» **TASK DETAILS**: Starting with the line below that holds "General Purpose Diamond" and stopping after the line that holds "限号好还是不好/限号就是限行吗", transcribe the lines exactly, leaving out all pictures.

» **DATA LISTING**:

----

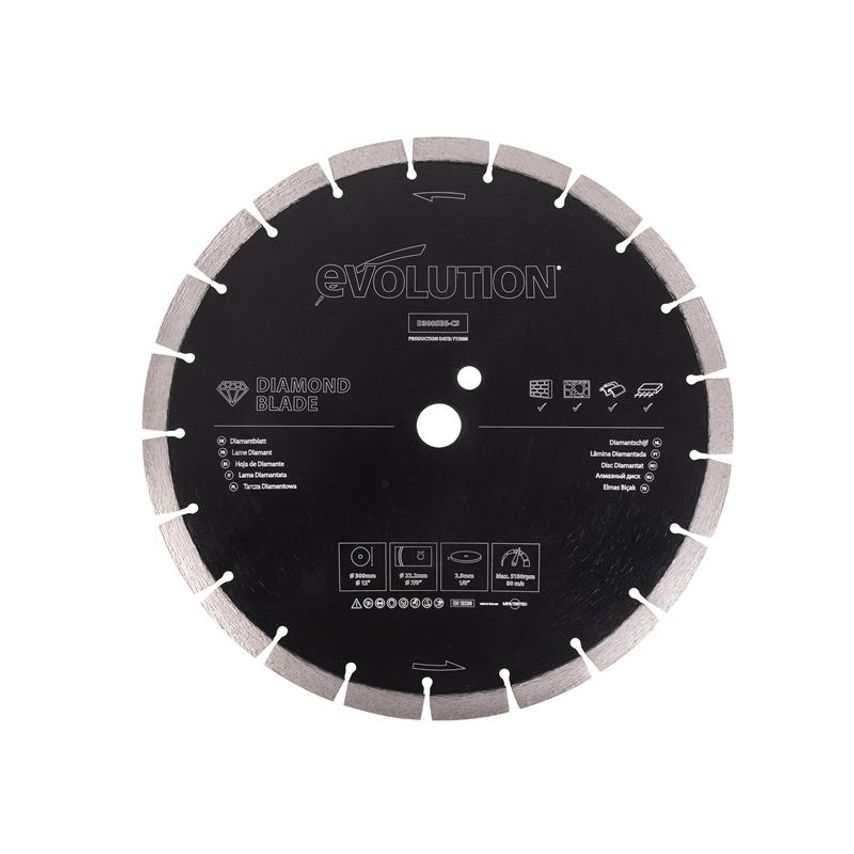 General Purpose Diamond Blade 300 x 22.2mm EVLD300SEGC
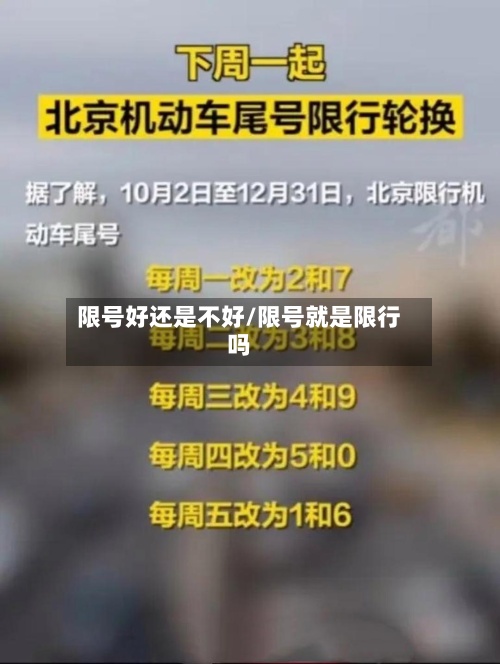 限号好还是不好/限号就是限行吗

----

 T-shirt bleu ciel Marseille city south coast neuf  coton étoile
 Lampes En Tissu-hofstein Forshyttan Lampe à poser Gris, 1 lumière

----

» **YOUR SOLUTION**:
 General Purpose Diamond Blade 300 x 22.2mm EVLD300SEGC
 限号好还是不好/限号就是限行吗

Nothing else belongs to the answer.